Я плохо понимал правила, и, честно сказать, не особо упорствовал, чтобы в них разобраться. К тому же играли две иностранные команды, что было уж совсем не интересно. Я почистил и съел мандаринку. Хотелось снять лангетку. Рука под повязкой чесалась.

Во время перерыва народ расползся по ужинам, чаям и туалетам, не озаботившись тем, чтобы убавить звук. Внезапно после очередной рекламы раздались тревожные звуки из словно бы закрученных вихрем мелодий – срочный выпуск новостей. Я вяло посмотрел в чужой монитор и прикинул, что это будет – очередной теракт, арест проворовавшегося губернатора или снежный занос в Сочи?
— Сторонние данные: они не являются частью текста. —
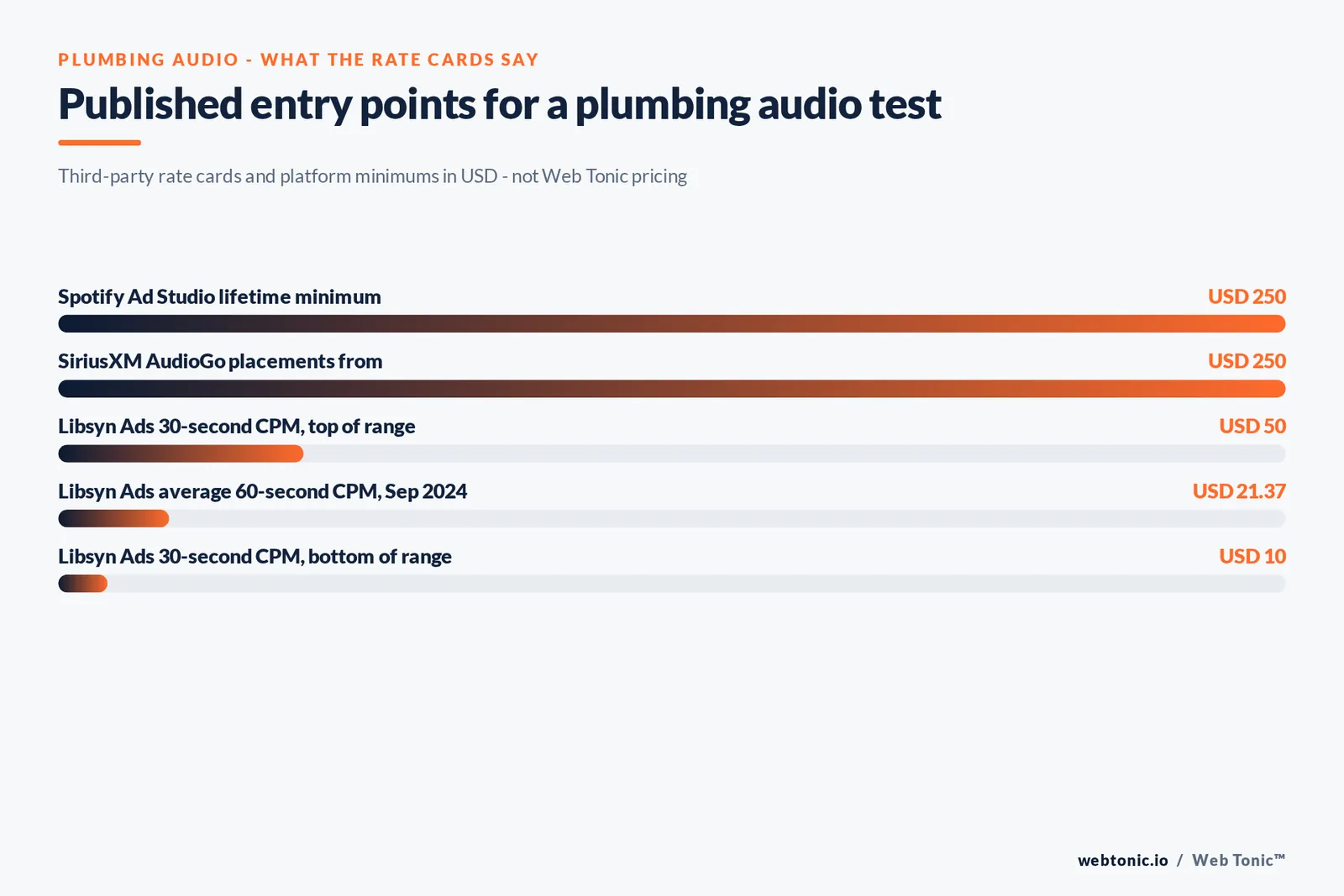 Branded bar graphic of published plumbing audio entry points: Spotify USD 250 lifetime minimum, SiriusXM AudioGo from USD 250, Libsyn 30-second CPM range USD 10 to 50 and a USD 21.37 60-second average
- Сегодня недалеко от города в своей машине был найден труп бизнесмена Егора Марковича Маврина. В машине погибшего имеются следы ограбления. Оперативникам пока не удалось установить, что было похищено. По предварительной версии речь идёт о ценных вещах и деньгах - незадолго до случившегося пострадавший снял в банке крупную сумму. Смерть наступила в результате отравления. На месте происшествия работает следственная группа. Эксперты выясняют, чем была вызвана смерть, и каким образом яд попал в организм. Егору Маврину был сорок один год.
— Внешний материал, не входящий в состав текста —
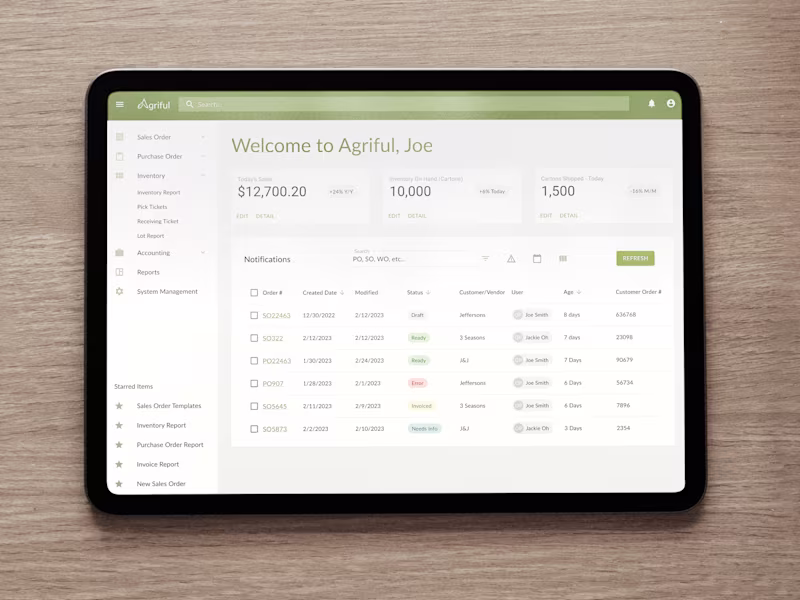 Cover image for UX/UI Design + Design System for B2B SaaS AgTech Startup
Я раскрыл рот и глаза. В это невозможно было поверить. На экране промелькнула картинка - раскрытая машина, вывернутый бардачок, шапка на снегу… Егор откинулся в водительском кресле, запрокинул голову и как будто уснул. Глаза были заретушированы камерой. Но даже на низкопробном компе толстяка было видно, что это не сон. И не просто смерть. Это… Я смотрел во все глаза, пока картинка не сменилась, и у меня не холодела лысая голова. Он не просто погиб, нет. Он… как будто стал другим. Лишился своего «я». Стал… как тряпичная кукла. И я знал, что это значит. Потому что вдосталь насмотрелся на мышей и лягушек.